As we drop off our rental car and head into the airport, I become increasingly more conscious of my appearance with Glass. At the basecamp event I was surrounded by people wearing Glass. I start to understand better why Google is holding these events. Google certainly wants to provide explorers with information on how to use the technology and an opportunity to meet the Glass team, but it is just as important to indoctrinate explorers into the cult of Glass before releasing them into the public. In the terminal I catch people staring, hear murmurs about “what is he wearing?” but I have committed to this exploration and I soldier on with Glass on head. I am able to go through the TSA screening still wearing Glass and soon enough we are at our gate and boarding.

Once onboard, I am immediately put at ease as two women who are sitting next to me recognize Glass and cannot contain their excitement to learn more. I feel cool again for a moment. I allow the women to try on Glass and I answer their questions as best I can. They are both educators and extremely enthusiastic about the potential of Glass in the classroom. Our flight attendant is also intrigued, I provide him with a demonstration and allow him to try Glass on. He says he sees opportunities to use the technology to service customers and hopes he can get a pair soon. It is clear to me now how brilliant Google is. Besides creating an air of exclusivity and buzz for this product they have turned every one of their early adopters into advocates and educators. Even after the plane has landed and I have returned to my office and life, there has not been a day that has passed since I received Glass that I have not explained what it is and allowed multiple individuals to try it out.

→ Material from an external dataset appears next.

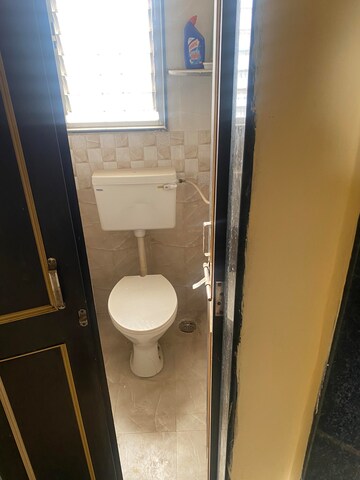 Furnished Amenities in 1 BHK Apartment at Aple Ghar, Kharadi – for Rent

After spending some additional time with Glass, I am excited about the future of wearable technologies and its impact on the travel industry. There is substantial freedom afforded by being hands free and having information pushed to you versus seeking it out. I believe that it will make people more productive and connected with each other on a personal level. Being able to capture moments through photos and videos instantaneously has made me take more photos and videos without being taken out of the moment. I have taken photos and videos with my children that I would never have recorded with a camera or smartphone. Being navigationally challenged, Glass navigation has allowed me to explore cities I am not familiar with without having to hold out my smartphone and look like a “tourist.” But it is not all great.

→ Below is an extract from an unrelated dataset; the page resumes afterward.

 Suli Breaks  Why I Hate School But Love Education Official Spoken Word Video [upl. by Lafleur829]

I have had connectivity problems with Wi-Fi networks that require passwords like those found at hotels and airports. In most cases you have to buy an additional data package from your mobile provider in order to Bluetooth tether your phone. And while bone conductivity sounds great it really doesn’t. The volume is too low and outside of low noise environments you either have to plug your ear or abandon your call. There is also a lot of work that needs to be done on Glassware. Some of it needs to come from Google and some of it from third party developers. For instance you can post a photo with a caption to Facebook and Google+, but you can only post a photo to Twitter with the accompanying “Just shared a photo #throughglass” default message. However, Google has committed to monthly updates for Glass, with the latest XE7 update expanding on voice command support and allowing users to navigate websites. My biggest complaint though is in the content management of Glass. As you take more photos, videos or create communications, more “cards” are added to your “timeline.” The problem is that you have to manually manage your data storage on Glass. There is no way to use the website or mobile application to clear out photos and videos that have been automatically backed up to Google+ after connecting to Wi-Fi. This is a chore, but Glass is still a beta product and months from a public offering.

If Google Glass can rectify these issues, continue innovating, offer more style choices and obtain growing consumer adoption, I believe the implications of Glass and similar wearable technologies for the travel industry will be significant.